Dirigida por Drew Pearce y estrenada en 2018 con el título original Hotel Artemis, la historia se sitúa en un Los Ángeles caótico del futuro cercano, donde los disturbios llenan las calles y el crimen gobierna las sombras. En medio del desastre existe un hotel clandestino que funciona como hospital exclusivo para delincuentes. Allí manda Jean Thomas, conocida como La Enfermera (Jodie Foster), una mujer estricta y silenciosa que ha convertido ese lugar en su mundo entero.
El hotel opera bajo normas inquebrantables: no se permiten armas, no se ataca al personal y cada paciente debe respetar su estancia. Cuando Waikiki (Sterling K. Brown) y su hermano llegan gravemente heridos tras un robo fallido, activan una cadena de eventos que amenaza con romper el frágil equilibrio del lugar. La calma clínica pronto se llena de sospechas y tensión contenida.
La Enfermera arrastra una pérdida que nunca logró superar, y ese dolor silencioso se filtra en cada decisión que toma. Su relación distante con Everest (Dave Bautista), el imponente guardia del hotel, muestra cómo ambos se refugian en su trabajo para evitar enfrentar heridas emocionales más profundas. Entre pasillos blancos y habitaciones selladas, el pasado pesa tanto como las balas.
La llegada de figuras peligrosas como Acapulco (Sofia Boutella) y el temido Rey Lobo convierte el hotel en un tablero de ajedrez donde cada movimiento puede ser fatal. Viejas rivalidades resurgen y las alianzas cambian en segundos. La película retrata a estos personajes no solo como criminales, sino como almas rotas que buscan sobrevivir en un mundo sin compasión.
Cuando las reglas empiezan a romperse, el hotel deja de ser un refugio y se transforma en una trampa mortal. Disparos, traiciones y revelaciones personales se mezclan en un clímax cargado de violencia contenida. Cada personaje debe decidir hasta dónde está dispuesto a llegar para salvar su propia vida.

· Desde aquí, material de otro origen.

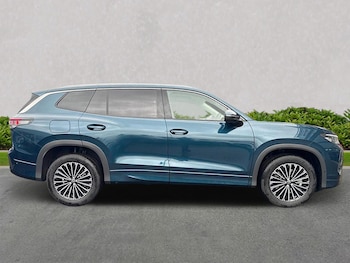 Used Volkswagen Touran 2025 for sale - 77635487: Photo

Hotel de criminales cierra con un tono melancólico, mostrando que incluso en los lugares más oscuros puede existir un atisbo de humanidad. Más que una cinta de acción, es un retrato estilizado del dolor, la lealtad y las segundas oportunidades. Su final deja claro que algunos refugios no curan el cuerpo… sino aquello que queda del alma.